_TASK INSTRUCTIONS_
Reproduce every line of the data, exactly and without its pictures.

(Stored data)
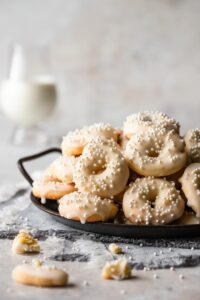 Ciambelle, Italian lemon ring-shaped cookies with lemon glaze and sprinkles.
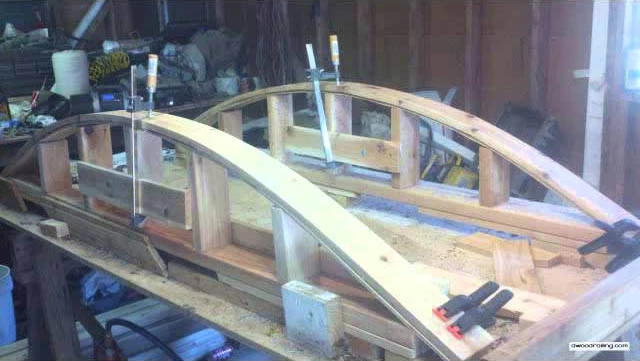 Curved railing under construction showcasing the craftsmanship and design techniques involved in creating elegant outdoor railings.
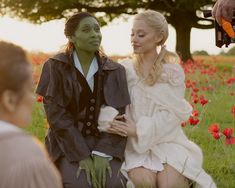 two people sitting in a field with flowers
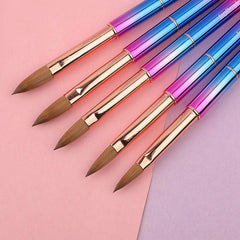 Five professional Kolinsky acrylic nail brushes with colorful metallic handles on a pink background.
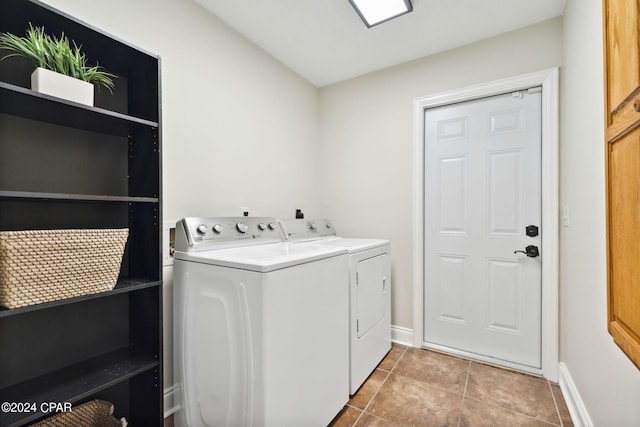 clothes washing area featuring light tile patterned floors and washer and clothes dryer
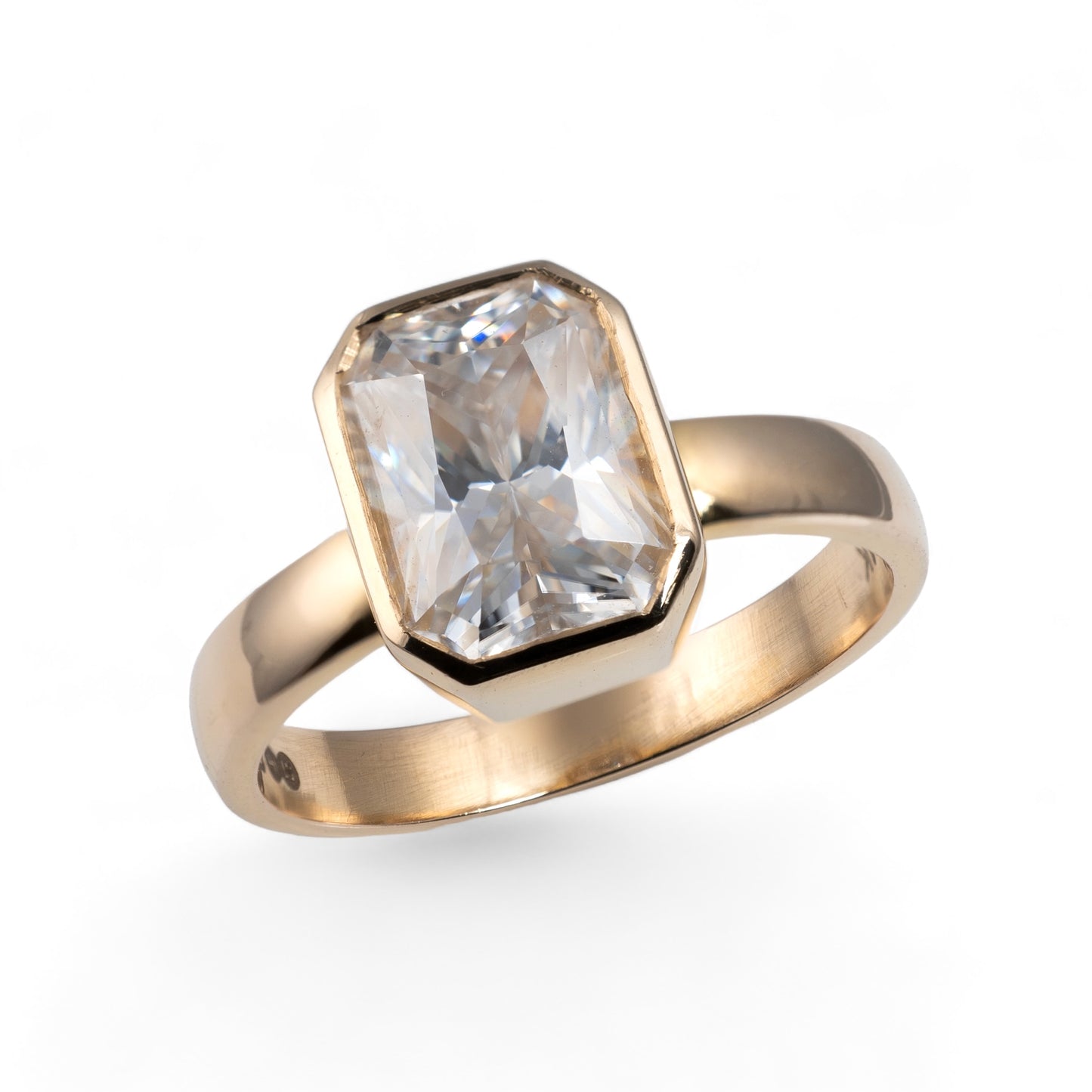 Moissanite ring emerald cut bezel setting yellow gold band 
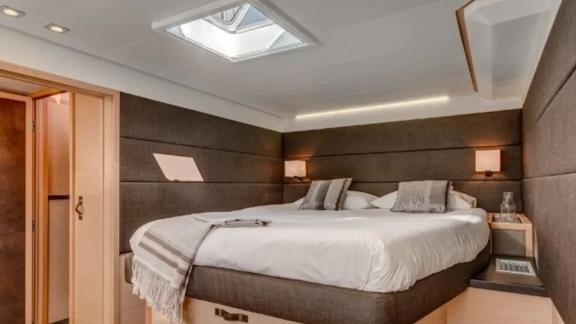 Luxurious master cabin with a soft king-size bed and natural light on Lagoon 630 Pearly Gates.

_RESPONSE TO THIS TASK_
 Ciambelle, Italian lemon ring-shaped cookies with lemon glaze and sprinkles.
 Curved railing under construction showcasing the craftsmanship and design techniques involved in creating elegant outdoor railings.
 two people sitting in a field with flowers
 Five professional Kolinsky acrylic nail brushes with colorful metallic handles on a pink background.
 clothes washing area featuring light tile patterned floors and washer and clothes dryer
 Moissanite ring emerald cut bezel setting yellow gold band 
 Luxurious master cabin with a soft king-size bed and natural light on Lagoon 630 Pearly Gates.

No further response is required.